In one of A Plague Tale's most shocking moments, Bénévent eventually murders his entire congregation with the flesh-eating horde of rodents in his control. Even if the bishop's been depicted as a mad zealot the entire game, cackling about world domination through his newfound supernatural abilities, having all his followers devoured during prayer is nonetheless a huge step towards a new level of insanity.
A Plague Tale is a truly unique horror experience. It's one that isn't afraid to relentlessly pelt its characters with increasing terrifying and horrific scenarios, but crucially lets them grow from each encounter. It's a journey that proves there's multiple layers of innocence to be lost, and losing oneself can be tied to more than just a singular incident.

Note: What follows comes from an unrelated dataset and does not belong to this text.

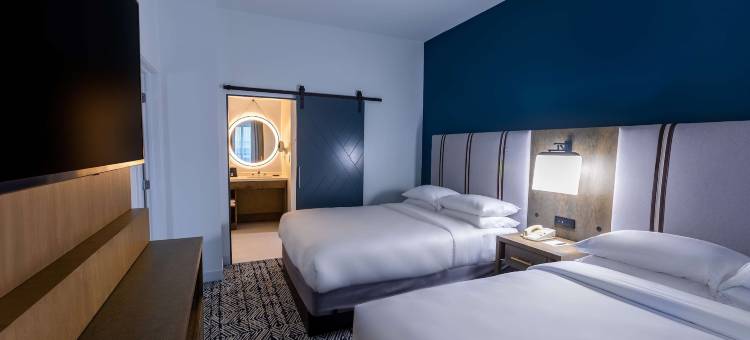 奇夫利休斯顿希尔顿启缤精选酒店(The Chifley Houston, Tapestry Collection by Hilton)图片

Asobo's story of a plague-ridden rural France will stay with me for a long time to come. The tight stealth gameplay always requires you to think on your feet and react to ever-changing environments and dangers around you, especially when your constant goal is protecting Hugo at all costs. There's so many tricks and tools to utilize, but it never loses the sense of dread and survival at all costs.
I'll remember A Plague Tale: Innocence for being incredibly bold in its storytelling. I'll remember it for its brutal and haunting opening, and I'll remember it for the devouring of the dog that serves as a sign of things to come. I'll remember it for Amicia especially, a character who proves losing innocence isn't as simple as just taking a life and accepting a new reality. And god, I'll remember it for its evisceration of religion; showing how easily innocent believers can be taken advantage of by those who have only their own interests at heart.
A Plague Tale: Innocence deserves to be remembered as one of single best horror games of the last decade. It flew relatively under the radar when it released back in May 2019, but with a lot more time on our hands these days, I'd urge anyone who hasn't experienced Asobo's game to go back and try it out on its one-year anniversary.